- To do
Exact copies of all the lines below are required, with the pictures omitted.

- Source material
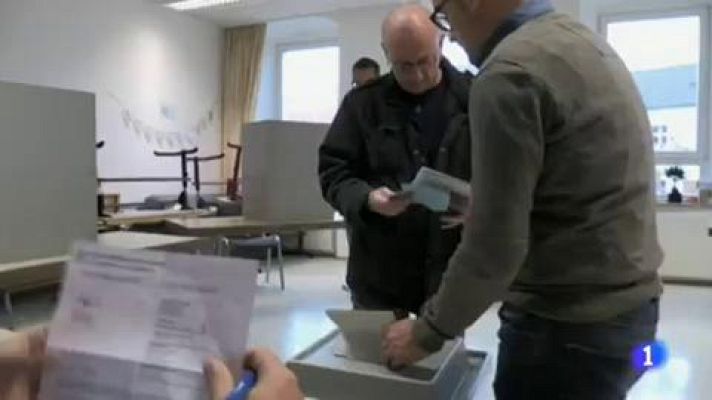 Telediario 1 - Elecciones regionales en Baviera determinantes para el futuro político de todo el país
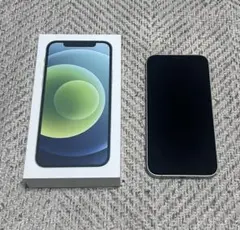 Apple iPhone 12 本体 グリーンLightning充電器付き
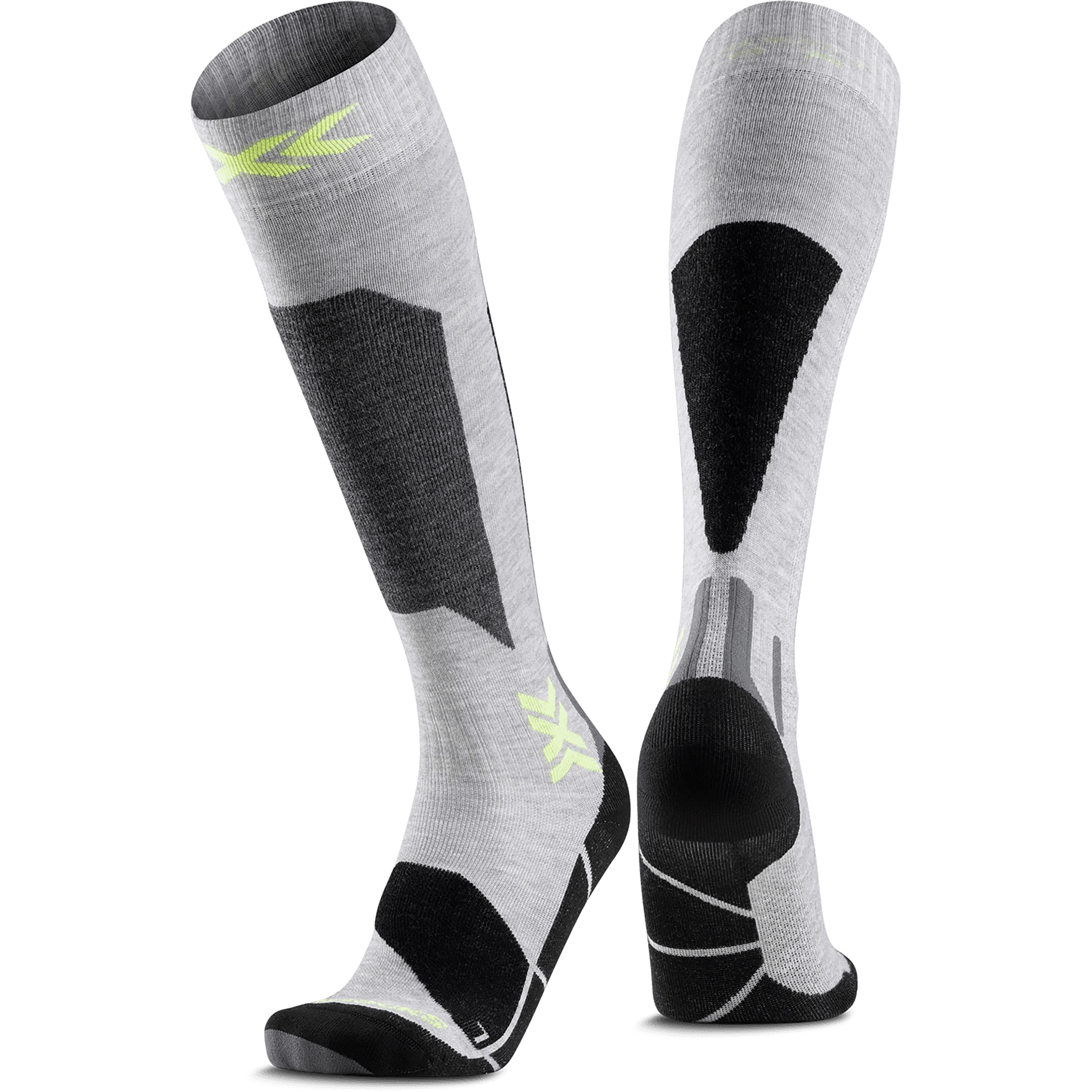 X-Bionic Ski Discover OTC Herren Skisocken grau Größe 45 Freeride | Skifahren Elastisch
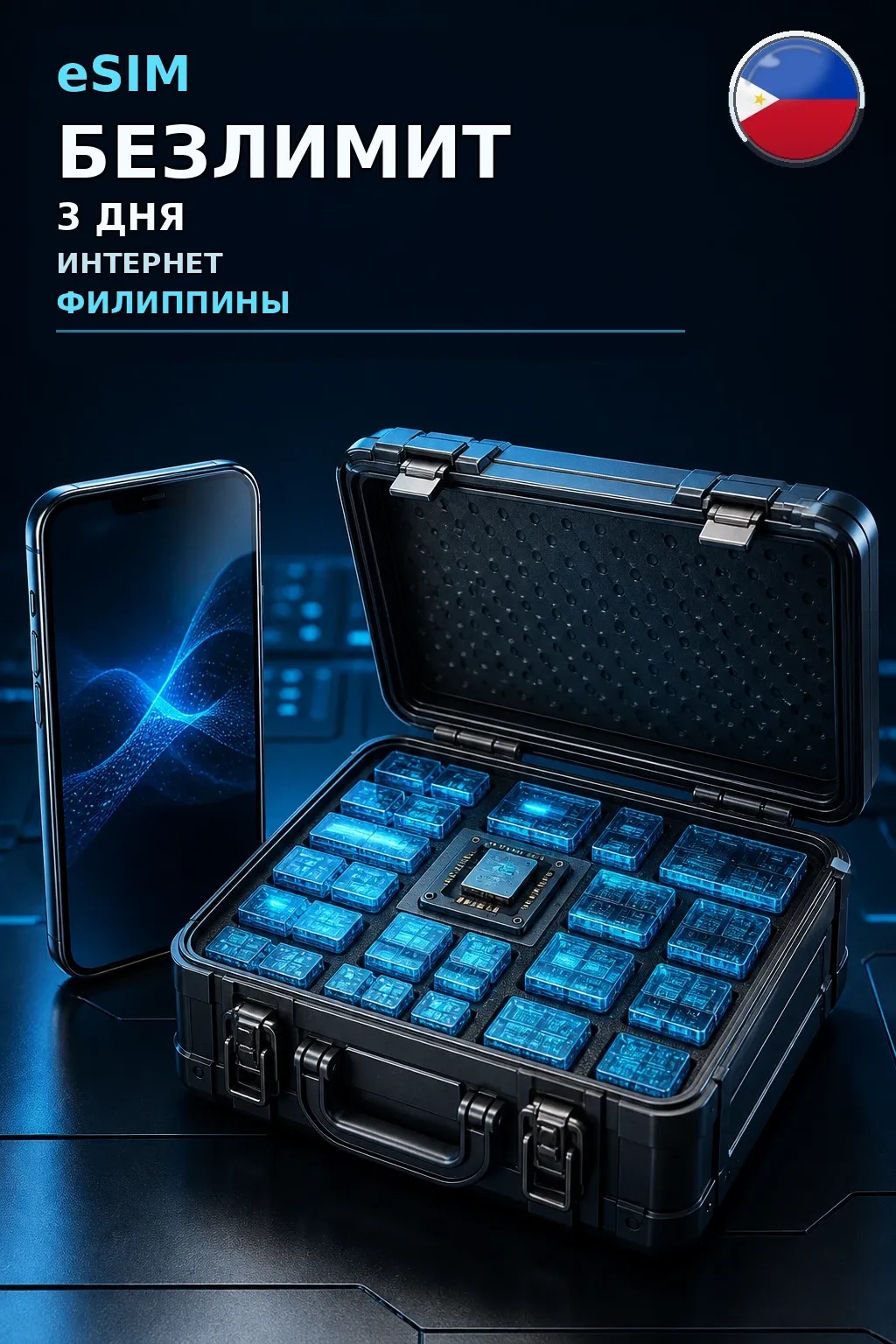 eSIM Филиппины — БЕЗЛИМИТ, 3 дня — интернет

- Answer area
 Telediario 1 - Elecciones regionales en Baviera determinantes para el futuro político de todo el país
 Apple iPhone 12 本体 グリーンLightning充電器付き
 X-Bionic Ski Discover OTC Herren Skisocken grau Größe 45 Freeride | Skifahren Elastisch
 eSIM Филиппины — БЕЗЛИМИТ, 3 дня — интернет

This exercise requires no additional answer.